TELL ME WHAT YOU THINK 

As always, I encourage constructive comments on the NCPA Digest data. Alas, these annual reviews tend to generate heated remarks from pharmacy owners. Excluding the Lake Wobegon pharmacies, half of the owners will write to complain that they are below average. The other half remain silent.
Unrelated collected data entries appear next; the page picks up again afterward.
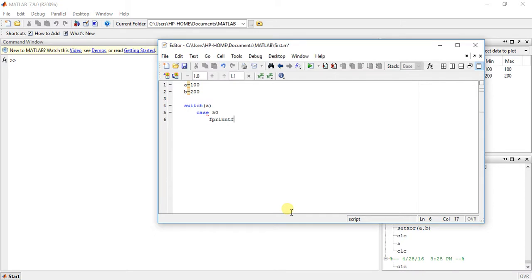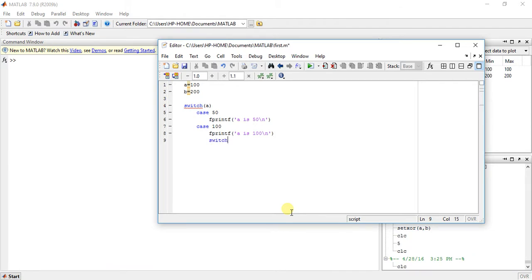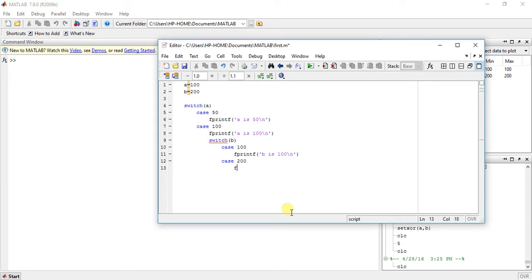So f printf: 'a is 50'. Then for case 100: f printf 'a is 100 slash n'. Now use another switch case here for b — switch b. Case 100: f printf 'b is 100 slash n'. Another case 200: f printf 'b is 200 slash n'.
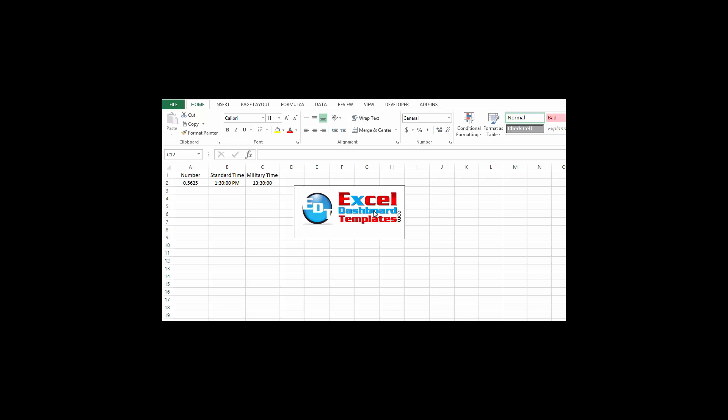Hello and welcome to Excel Dashboard Templates.com. This is Steve Equals True. Please visit my blog at exceldashboardtemplates.com to learn the latest posts, tips, tricks, and techniques. Learn everything about Excel.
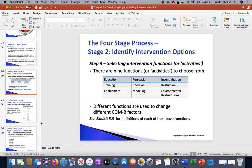Restriction: basically what you're doing is reducing the opportunity that you have to be able to use something.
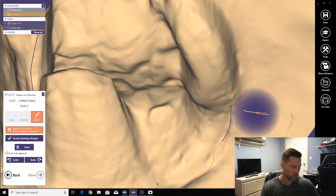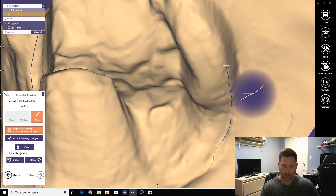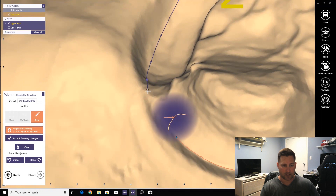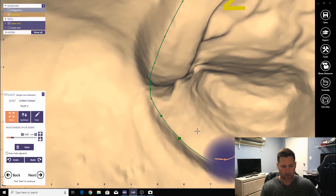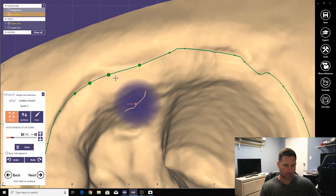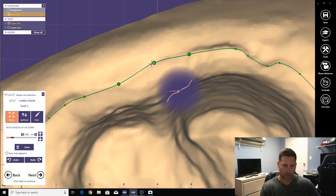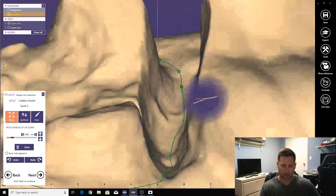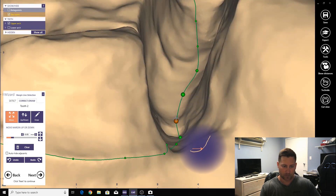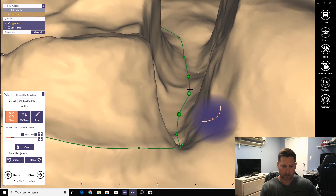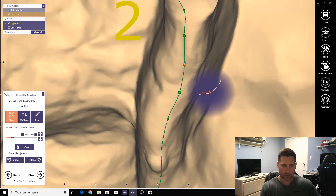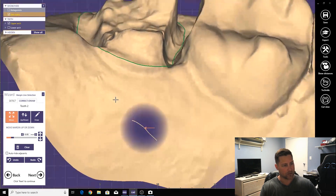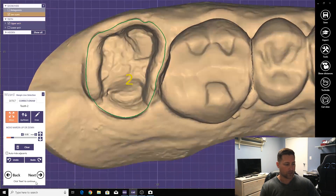Hold down the Control key and it will give you the whole automatic margin-finding tool. It helps on those tougher parts. Come in here and fix this stuff up, clean it up a little bit. I highly recommend a 3D mouse — it speeds things up quite a bit, and once you get the hang of it you'll wish you had it all along. Okay, so there's the margin.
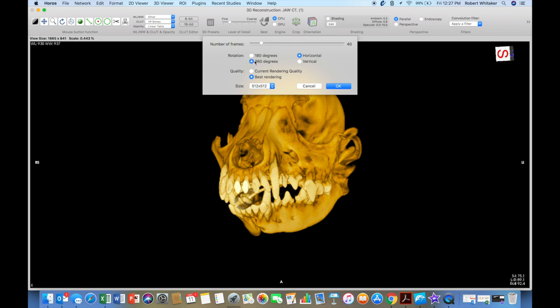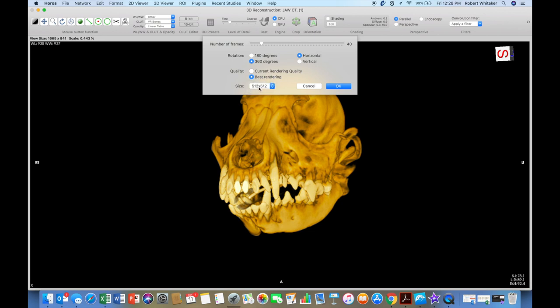And then I do 360 degrees on my rotation. And I want the rotation to be horizontal across the screen, not vertical up the screen. My current rendering quality is great, but I want to get the best. And then my size, I'm going to choose 512 by 512, because that usually fits Instagram and Facebook, Twitter all really well. Press OK.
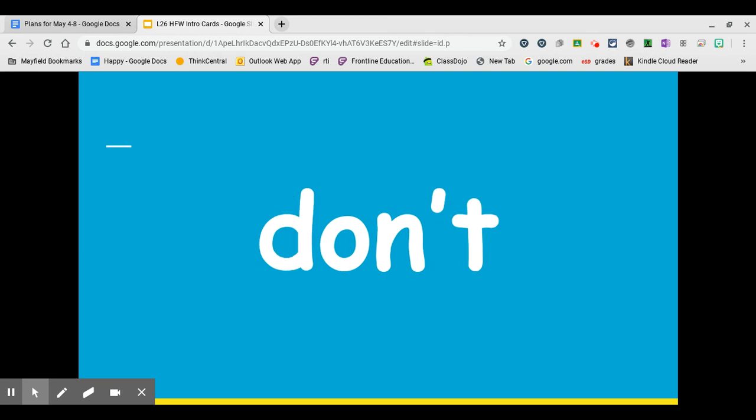Our next high-frequency word is the word don't. Say it with me. Don't. Write it on your board. Two words can be used to make a contraction. The word don't is a contraction or a short way to write and say do not. Notice the apostrophe between the N and the T. The apostrophe takes the place of the O in not.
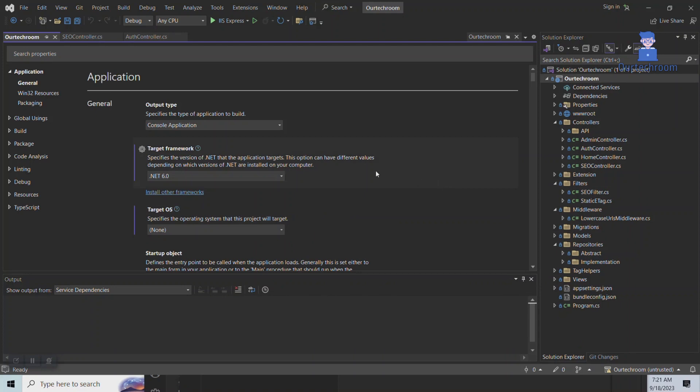Inside the General section under Application, you will find the Target Framework that indicates the framework used in your project. In my case it is .NET 6.0.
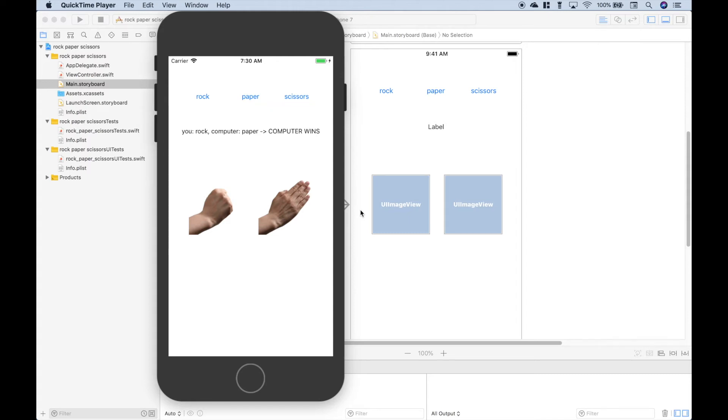Hello everybody. In this Swift programming tutorial, we're going to go over a way that you can create a rock-paper-scissors iOS game.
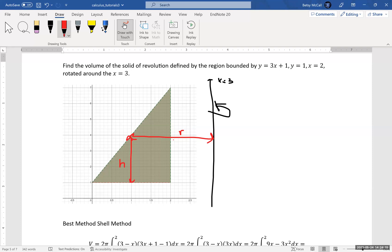So it's actually 3 minus x instead of x minus 3. If you do the subtraction in the wrong order — x minus 3 — you will get the correct magnitude of the solution, you will just get a negative number. So it's not catastrophic, but if you want a positive answer, the radius is 3 minus x.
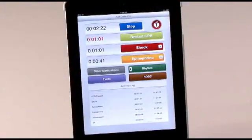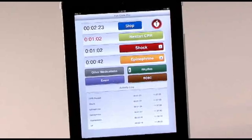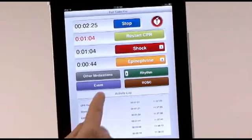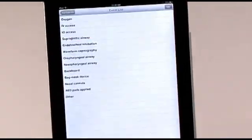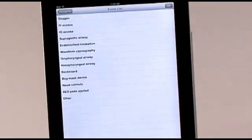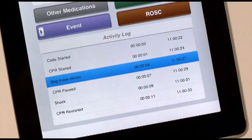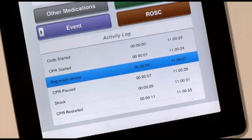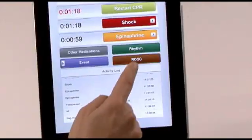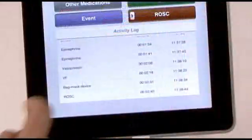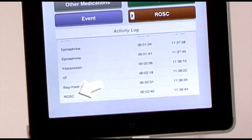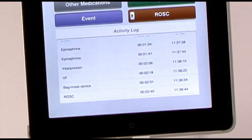The purple Event button displays a list of possible interventions and devices that might be used during a code. When you select one, it is recorded in the activity log. Selecting the brown ROSC button adds ROSC, or Return of Spontaneous Circulation, to the activity log.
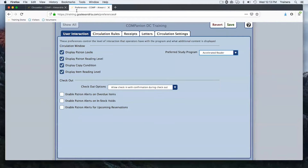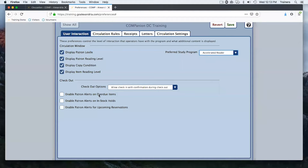There are also patron alert preferences you can enable. When these are turned on, they give you a heads-up in the checkout screen as kids come to check out books — an actual pop-up will appear if a person has an overdue, an in-stock hold, or a reservation.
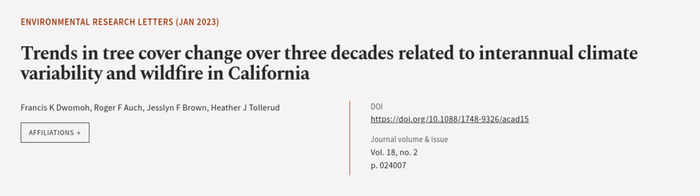This article was authored by Francis K. Duomo, Roger F. Auch, Jesslyn F. Brown, and others.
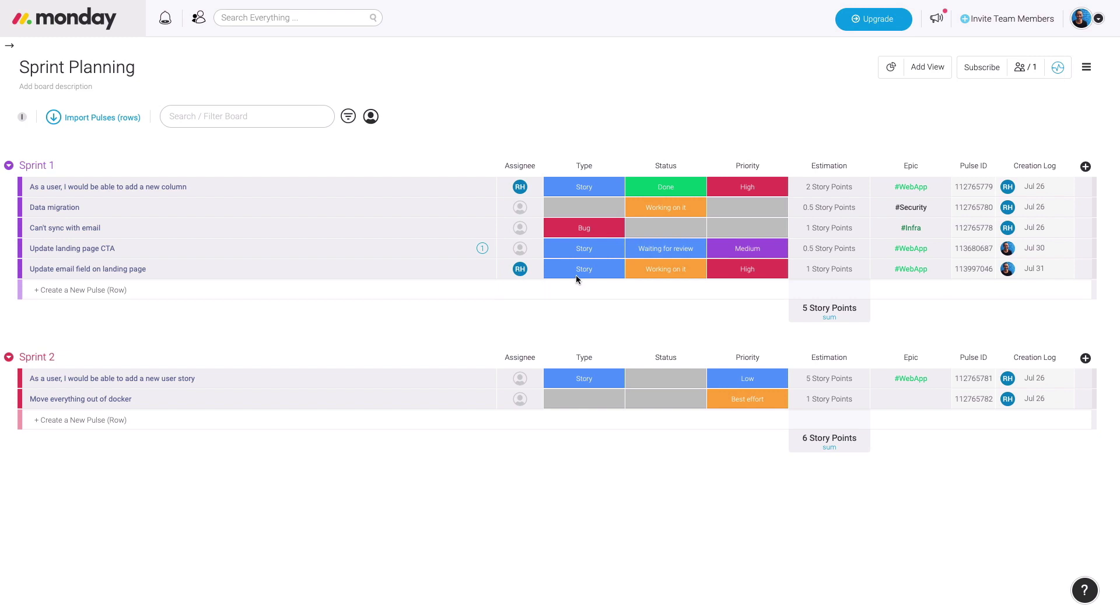In this case, it's a story, it's a task hour estimation. We can indicate to our entire team that we're working on this during the Sprint and indicate the priority of the specific task.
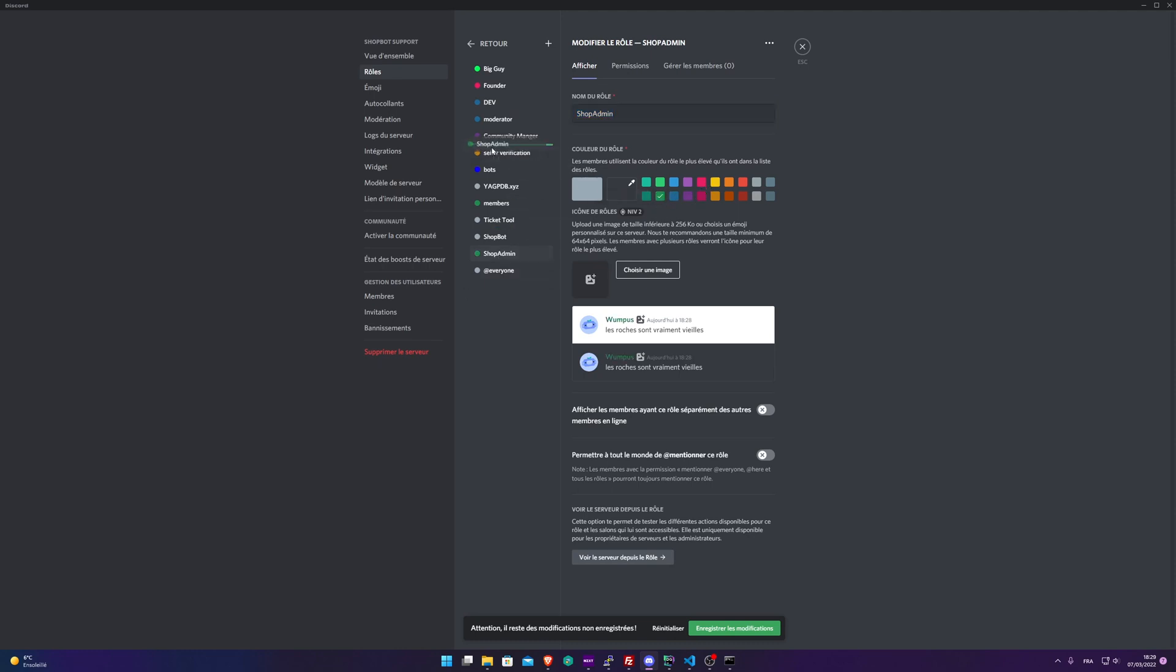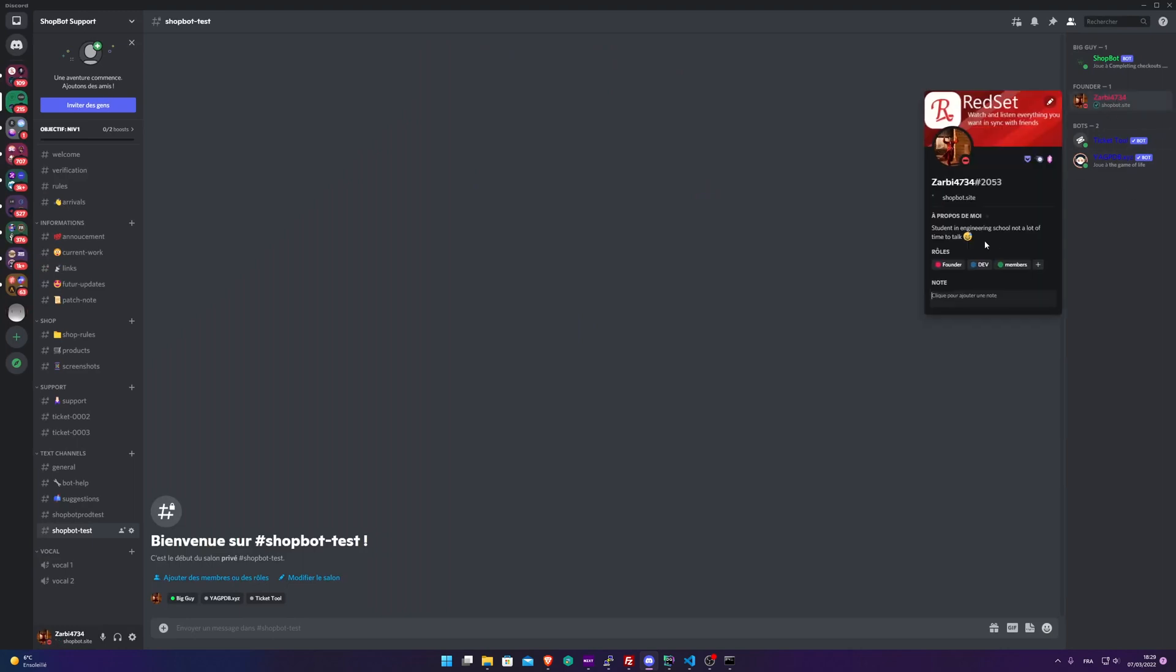Yeah, just like that. I'm going to put it right there and save. So everyone who has this role on your Discord server will be able to generate products on your Discord server. So now let's add the role to ourselves, Shop Admin.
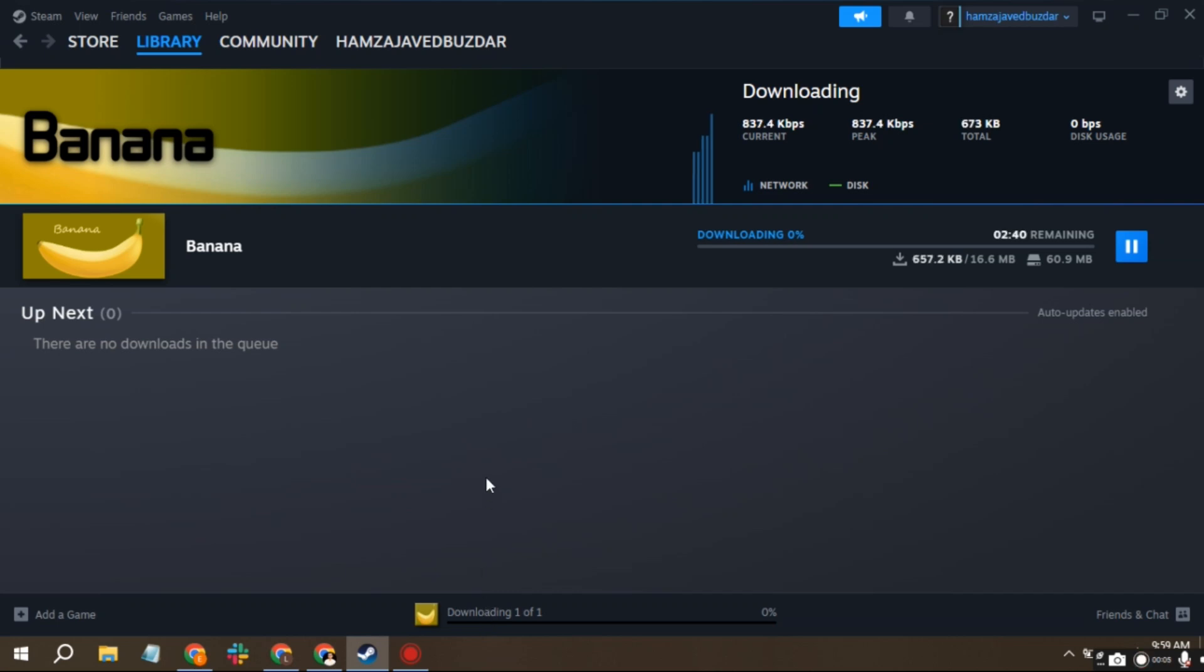Having slow download speeds on Steam? Let me show you some potential fixes to increase your speed.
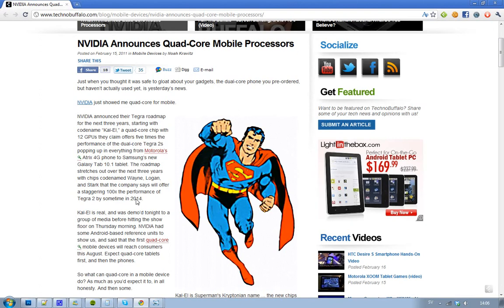So what NVIDIA did today was show off this new Kal-El quad-core chip to a group of media at the Mobile World Congress. They had some Android devices that they demonstrated it on. It's going to be very interesting to see what you can do with quad-core.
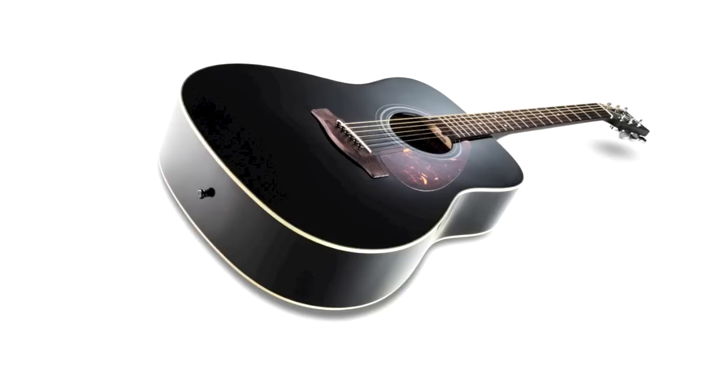Available in natural, tobacco brown sunburst and black finishes, the Yamaha F370 is the ideal choice for those who want a great quality steel string acoustic at an affordable price.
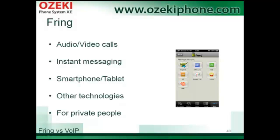As you can see in the picture, Fring cannot ensure other services on its own. It is an application that interconnects users of other services. Furthermore, you can see that there is a SIP option, and you can connect it even to your Azeki Phone System XE.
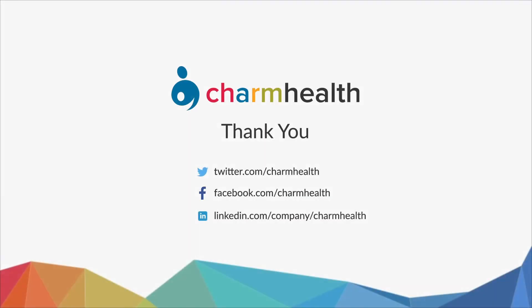Thank you for watching this video. For any help, write an email to support at charmhealth.com. Follow us on our social media for the latest updates.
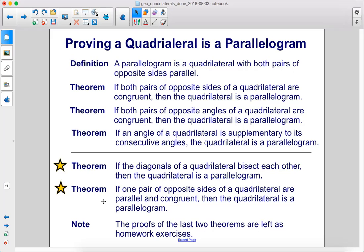We have two more theorems. If the diagonals of a quadrilateral bisect each other, then the quadrilateral is a parallelogram. And if one pair of opposite sides of a quadrilateral are parallel and congruent, then the quadrilateral is a parallelogram. The proofs of the last two theorems are left as homework exercises.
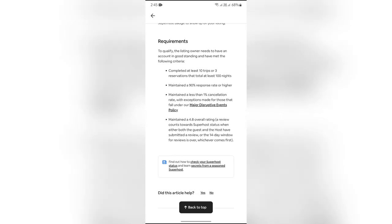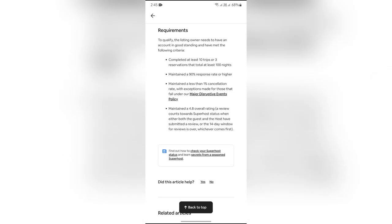After that, you need a 90% response rate or higher. You'll need to have less than 1% cancellation rate, with exceptions made for cancellations under the major disruptive event policy.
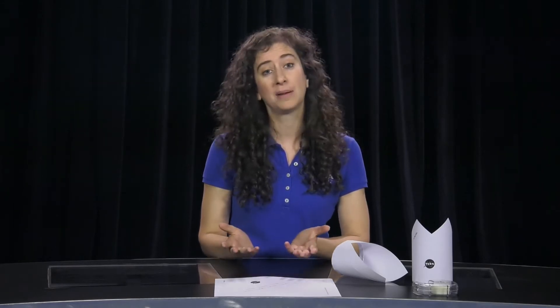You can actually find the average distance your glider flew by adding up the three distances and then dividing by three, the number of times you threw it.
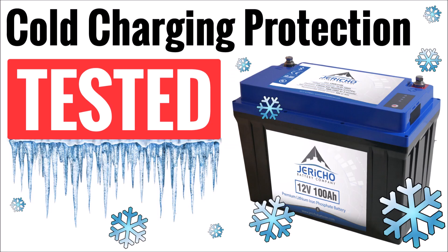One of the most common questions I get asked about batteries that I sell on my web store is whether or not they have cold charging protection. Cold charging protection is a function of the battery management system that will prevent charging the battery in temperatures below freezing.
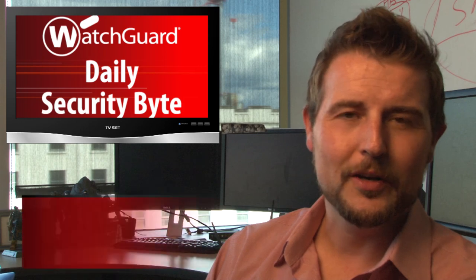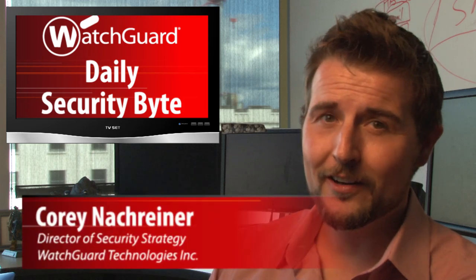Welcome to WatchGuard's Daily Security Byte, I'm Cory Nockgriner, and Wednesday's story is Microsoft is killing off patch day.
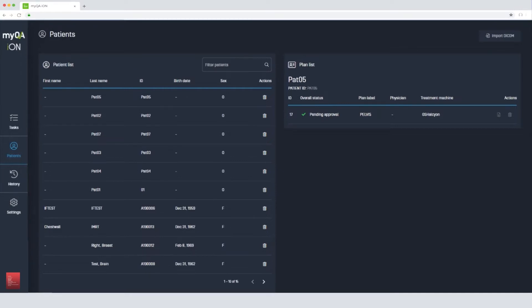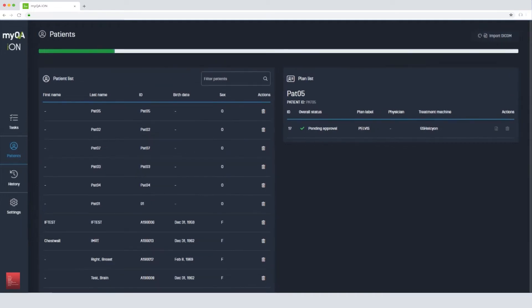Let's perform a plan verification together. First, we need to import a plan. To perform a recalculation of the dose for an independent dose check, all the DICOM objects from the plan must be exported from the treatment planning system to MyQA ION.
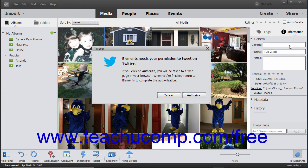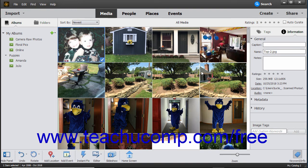Photoshop Elements optimizes your photos for sharing on those sites and then prompts you to enter your login credentials for the selected site. After entering your login credentials, follow the on-screen instructions to upload and share your media on the selected website.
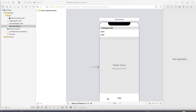Welcome back in my new tutorial. Today I want to discuss about GCD and how GCD is working in your applications. This is a very important topic for executing tasks and threads. Let's discuss what a thread is and how it will be performed.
If you choose to share your thoughts, please keep the following ground rules in mind:
  • Thoughtful comments are always welcome on Drug Channels.
  • Personal attacks are not welcome, so please skip the argumentum ad hominem.
  • Make sure your comment is related to the topics of this article.
  • Avoid profanity.
  • Direct any complaints, criticisms, and compliments about the survey’s methodology to NCPA.
Comment away!

1 Math geeks should not fret that I am multiplying an average by a median. The distribution of Owner’s Discretionary Profit Percentage in the 2012 Digest has a very slight positive Bowley skewness (+0.03), i.e., the average is greater than the median. However, this figure is not statistically significantly different from skew=0, i.e., symmetry, so the average and median ODP are pretty close. See “Bonus Comment For Math Geeks” at the bottom of 2009’s NCPA Responds to Drug Channels

1 comment:

  1. In case anyone is wondering about the lack of comments, our commenting service (Disqus) inadvertently blocked anonymous comments when this article went up. Apparently, the fear of using a real name deterred most people. Sorry if you were looking for the usual fun from this annual post!